Fabric Obesity Crisis
July 31, 2012 § 5 Comments
First a little housekeeping
First of all let me say I’m planning to take a small blogging break while I reorder my blog and my quilting priorities. If you want to be kept informed then please sign up for email notifications or the RSS feed and you’ll get the next blog post right in your Inbox or Blog Reader.
The Fabric Obesity Crisis
What is it? Well I think if you walk into your sewing room you’ll be able to identify it, especially if you’ve been quilting for 10 or more years. We quilters are like magpies. We see something bright and pretty and we want it.
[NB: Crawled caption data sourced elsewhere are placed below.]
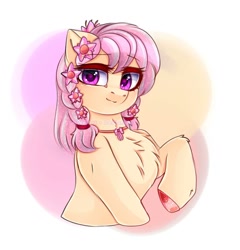 Size: 768x800 | Tagged: safe, artist:taiweiart, oc, oc only, earth pony, pony, bust, chest fluff, commission, earth pony oc, female, flower, flower in hair, solo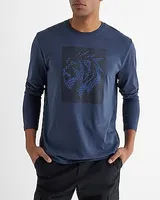 Abstract Lion Graphic Perfect Pima Cotton Long Sleeve T-Shirt Blue Men's Tall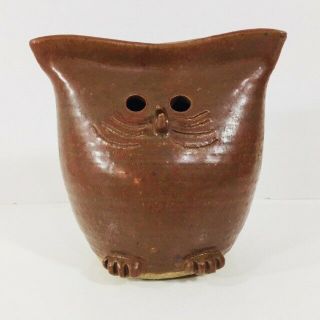 Vintage Mid Century Modern Stoneware Ceramic Pottery Art Owl Bank Statue Figure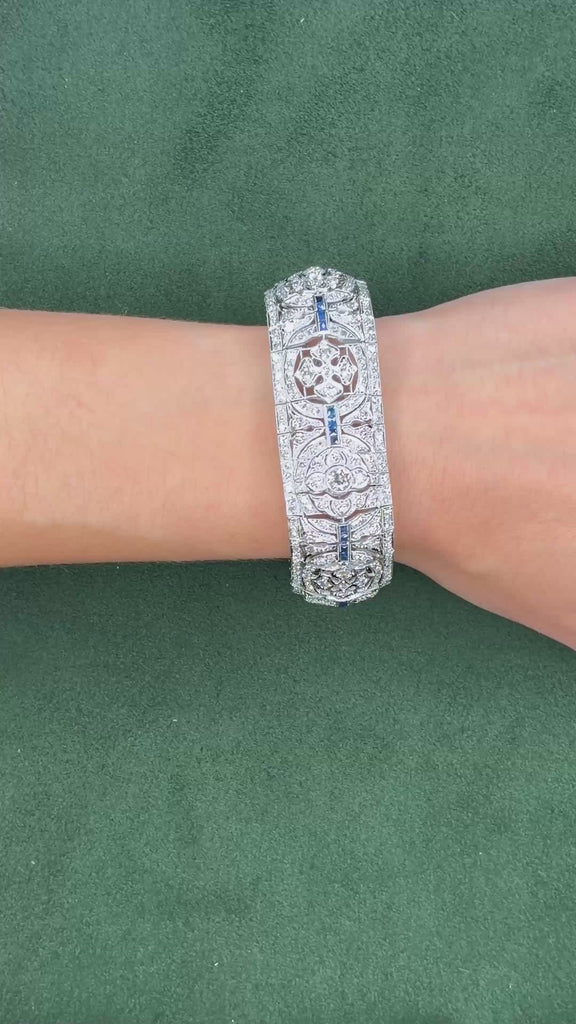 Art Deco Platinum Diamond & 1.28ct Sapphire Wide Strap Bracelet, 16.44ct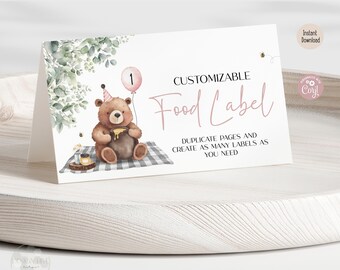 Pink Teddy Bear Picnic Food Label | Beary 1st Birthday Theme Place Card | Digital Template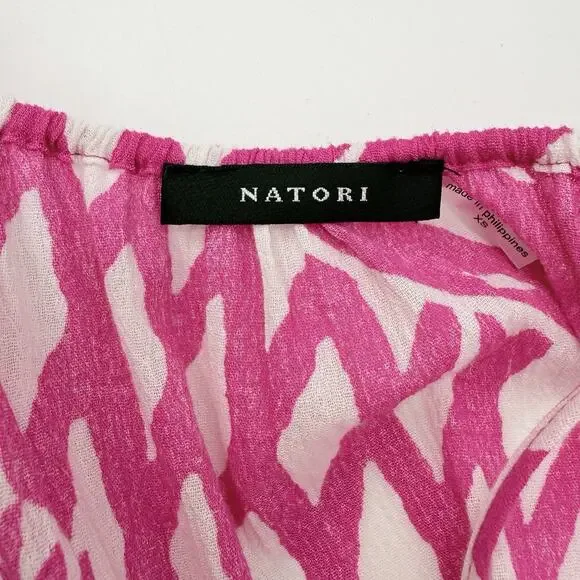 Natori Getaway Midi Dress Pink Lightweight Cotton Boho XS Resort Vacation Summer - Picture 6 of 9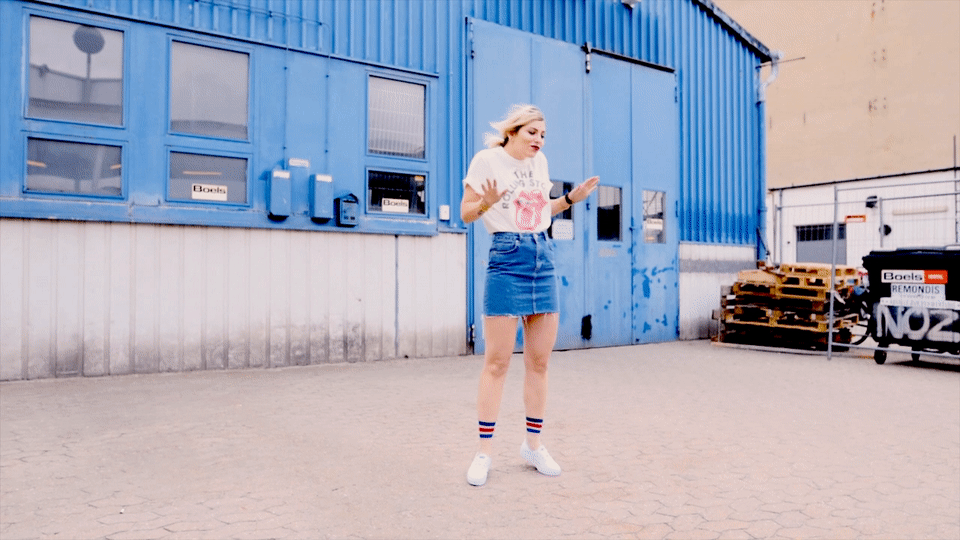 Keds Ladies First Campaign | Keds sneakers | style: casual blue, american | outfit video gif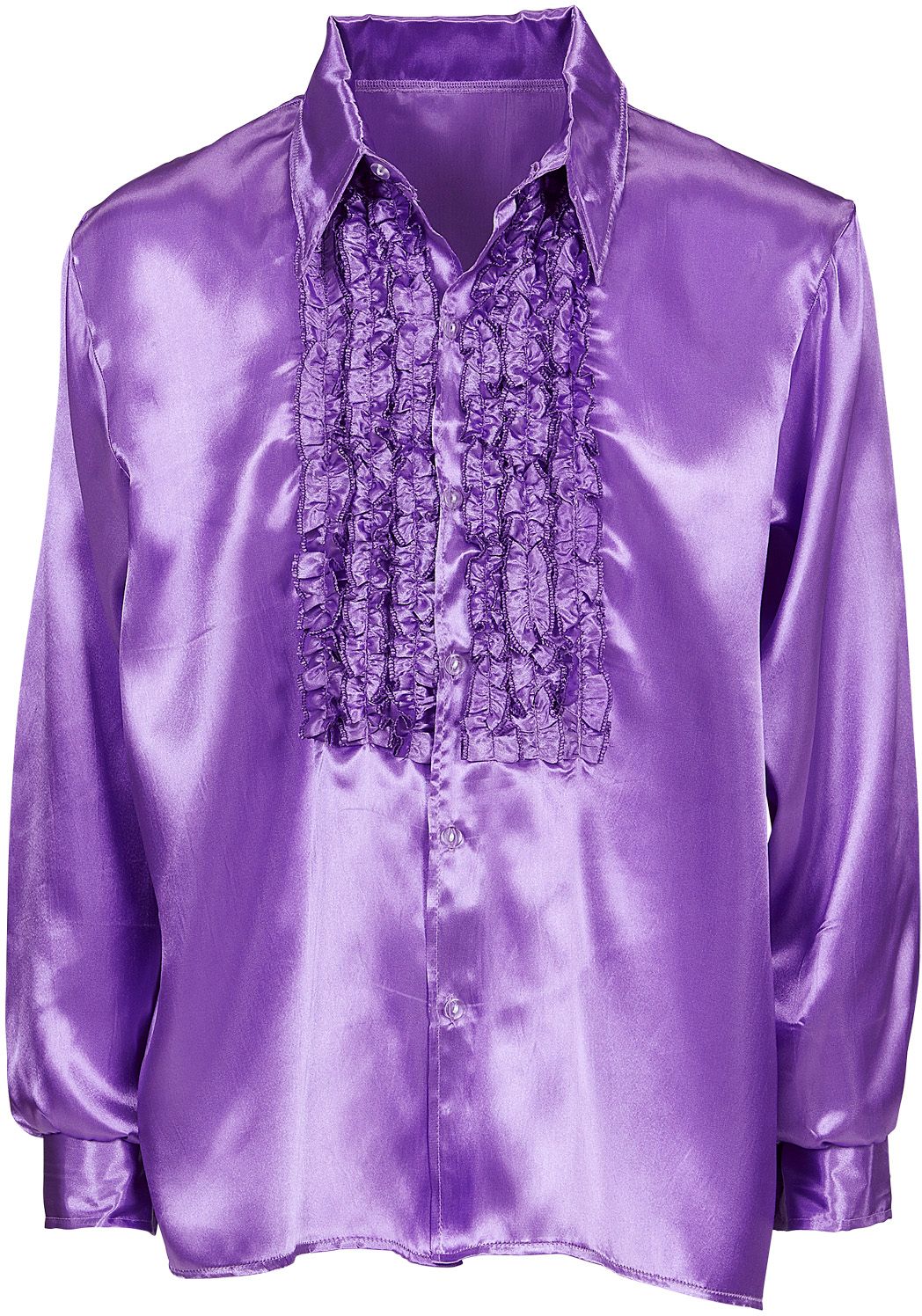 Disco blouse met ruches paars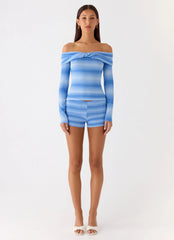 Blusa Tricô La Luna Bardot - Cerúleo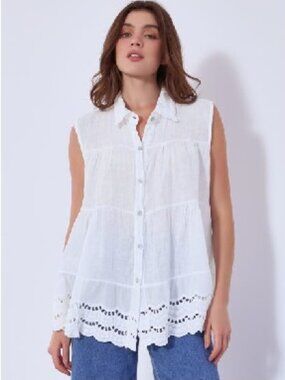 🇨🇦 Solitaire  Sleeveless Button-Front Tunic Top (Plus size )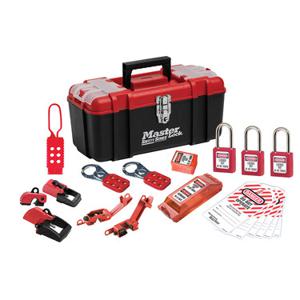 MASTER LOCK 1457E410KABAS Lockout Toolbox with Electrical Device Assortment, 3 Thermoplast Padlocks | CM7UTW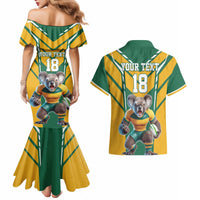 Custom Australia Rugby Couples Matching Mermaid Dress and Hawaiian Shirt Koala Mascot Sporty Style - Wonder Print Shop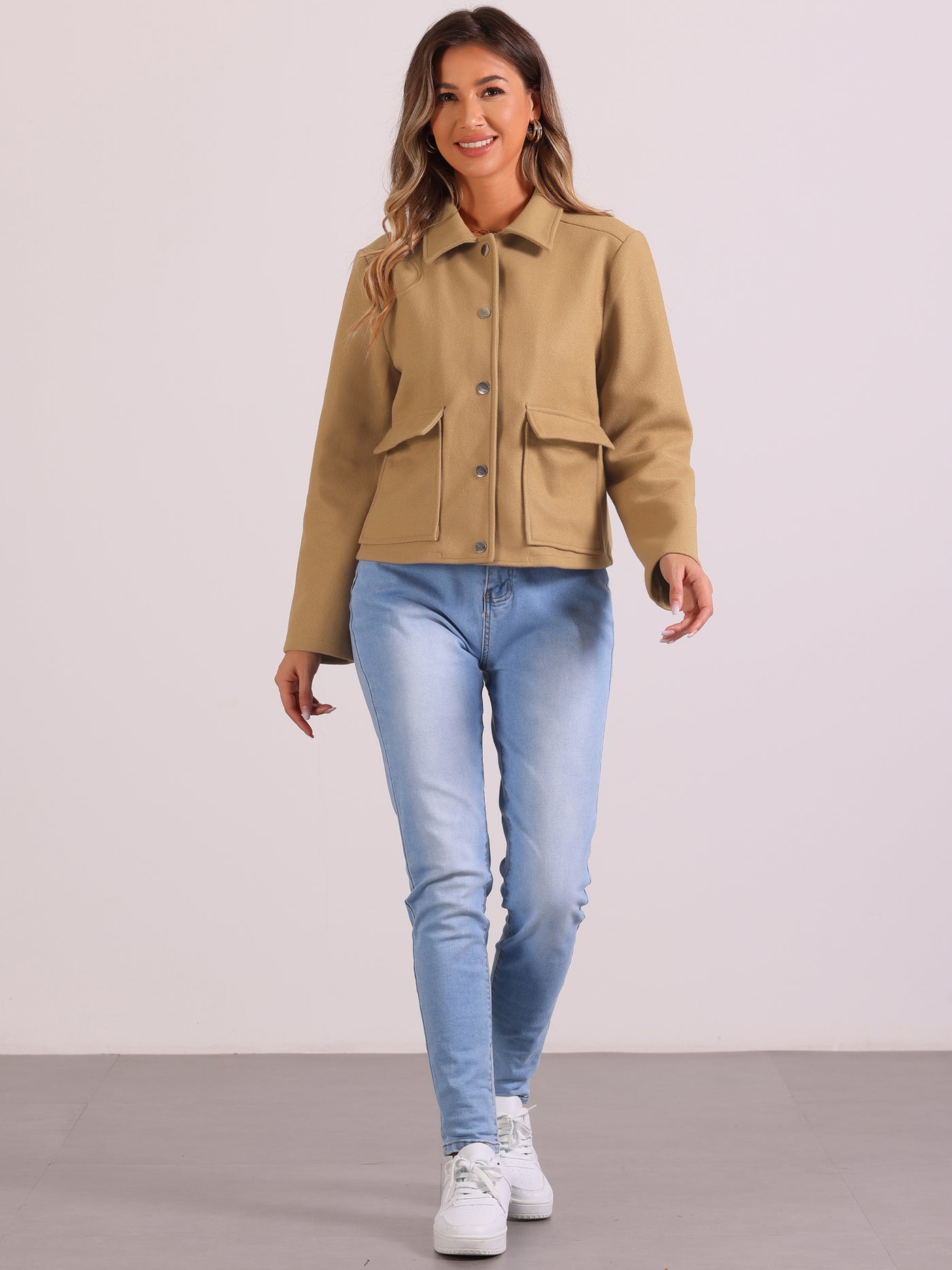 Allegra K Long Sleeve Button Pocketed Cropped Jacket Coat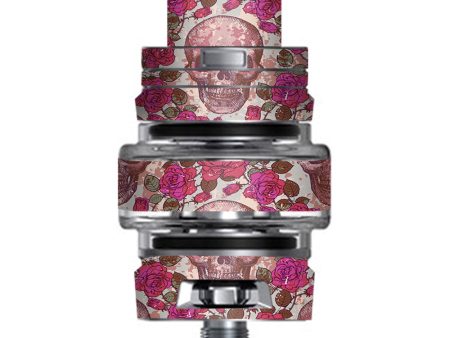 Pink Roses With Skulls Distressed Smok TFV8 Big Baby V2 Tank Skin For Cheap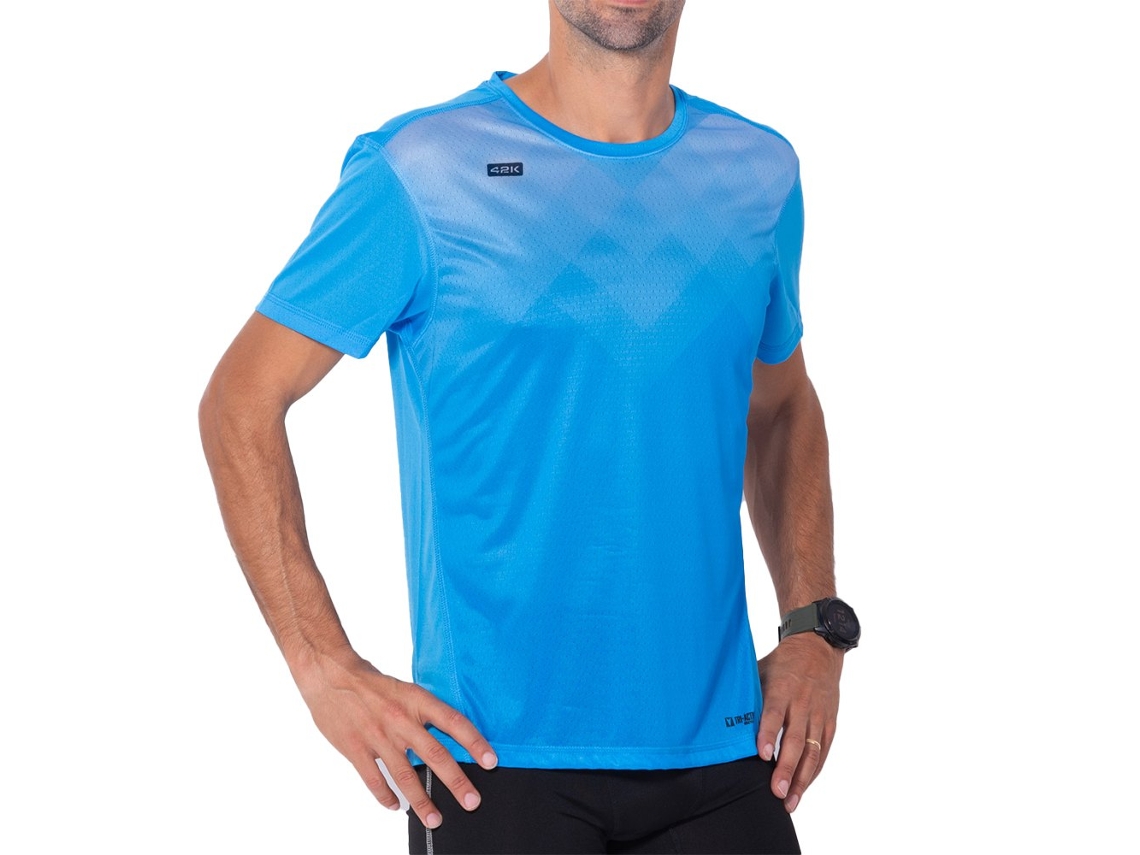Camiseta De Manga Curta Motion Azul XS Homem 42K RUNNING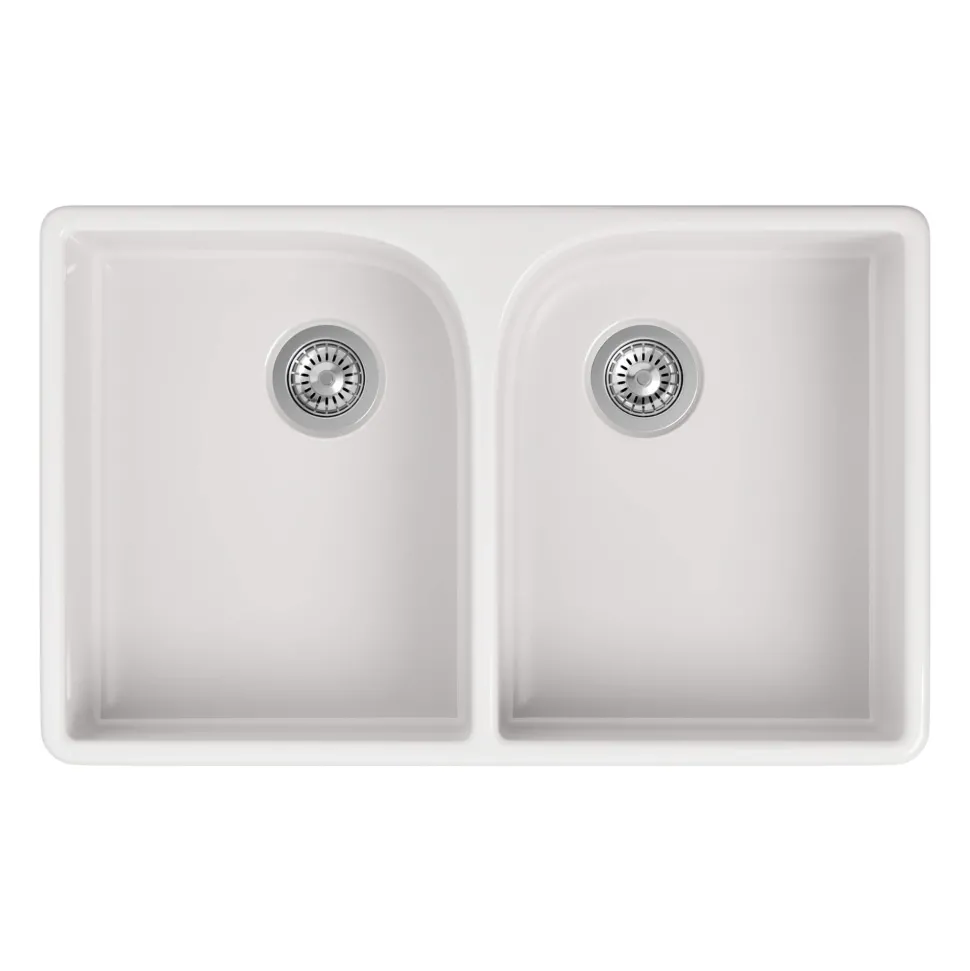 Butler & Rose Fireclay Ceramic White Double Belfast Kitchen Sink, Tap & Waste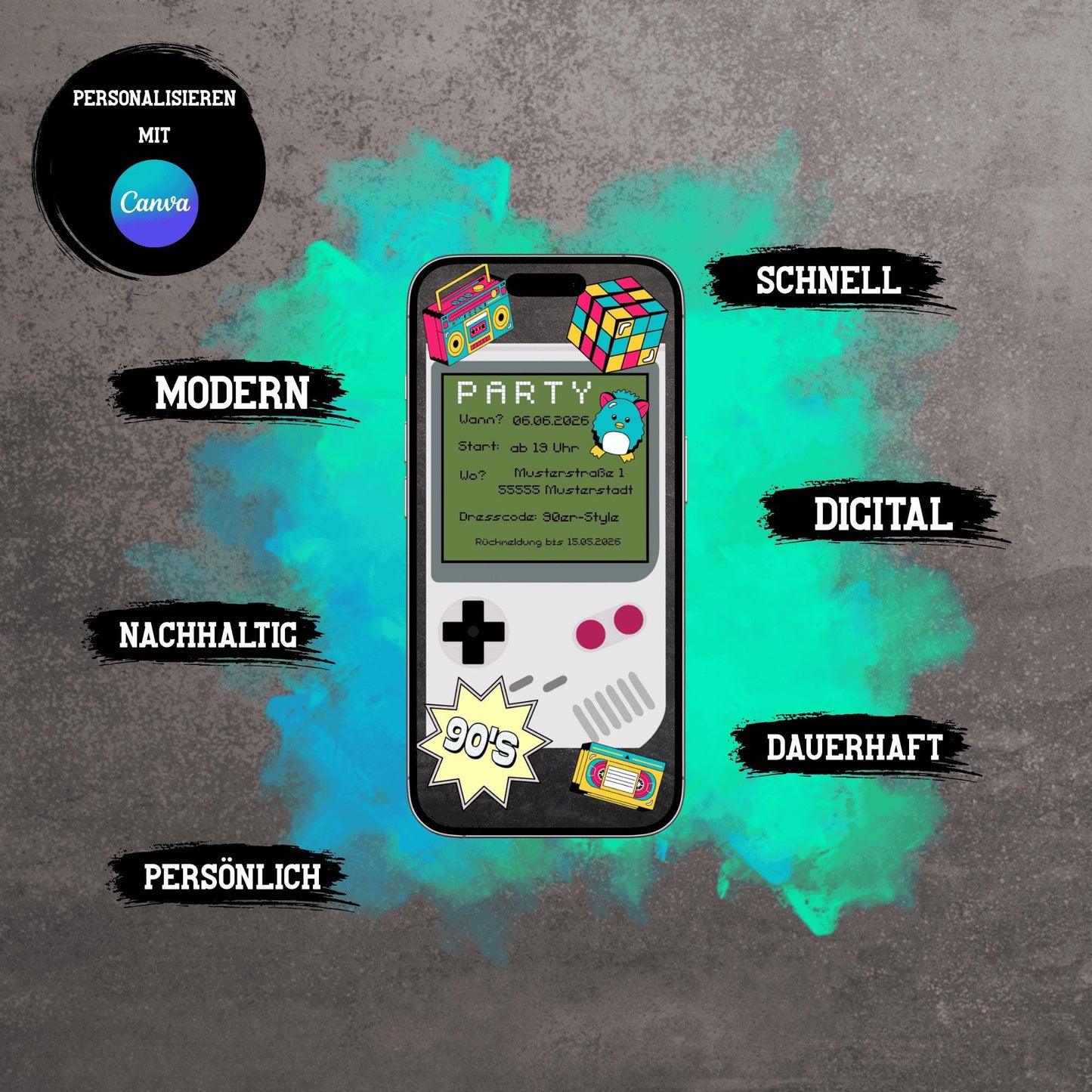 Digitale Einladung zum Geburtstag | Personalisierbare Einladung | Verschicke per E-Mail, WhatsApp, etc.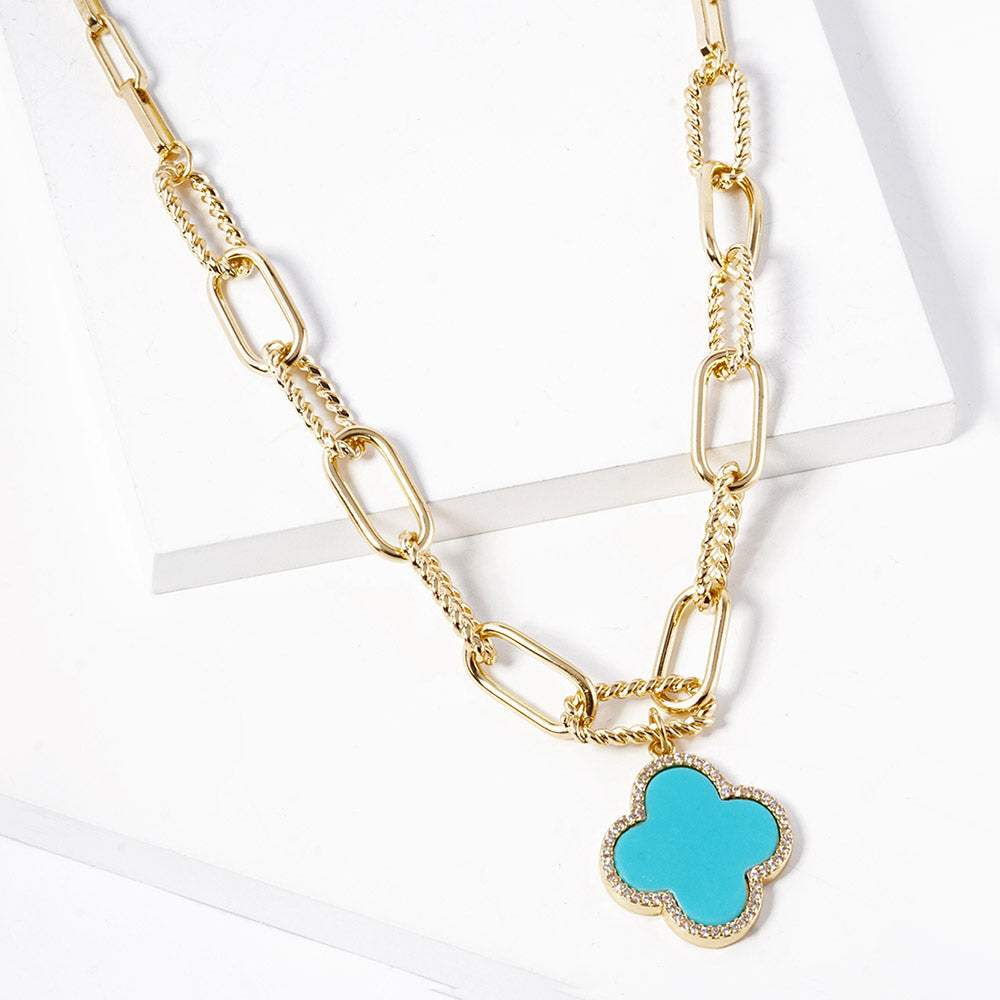 Gold Dipped Quatrefoil Pendant Paperclip Chain Necklace - Madeline Love - Flyclothing LLC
That’s not a problem in itself but the next step is – we buy it, we stash it and we don’t use it.
I’ve only been quilting for a few years so my stash is tame by comparison with many. But lately I’ve been reading about several people who’ve had to go through a friend’s stash and deal with it (i.e. get rid of it) for her family when that person has passed away. Fabric, it would seem is a bit like food, we see it, we want it, we consume it and then we have store it – not on the hips, it’s true, but store it nevertheless.
So what’s the solution?
Exercise. Just like exercise works off stored food, quilting exercise uses up stored fabric. I’m really committed to reducing this excess and using my stash – smallish as it is – before buying any more fabric. I started the year with the idea of a fabric fast and I fell off the wagon a couple of times with various excuses. Now, I’m serious. Making this Traveller’s Blanket from used linen clothing made me realise how little I needed to buy new fabric and how I don’t want to hoard any more. I’m planning some quilts to use up my stash and if you want to join me in the Fabric Slimming Quilt-along then please do. I’ll leave you with some photos of where I’m up to with the Traveller’s Blanket.
God Willing I’ll be back in alittle while with details of my plan and how you can join in. Till then why don’t you arrange your stash to see exactly what you’ve got in there. I’ll bet you find fabric you’d completely forgotten about.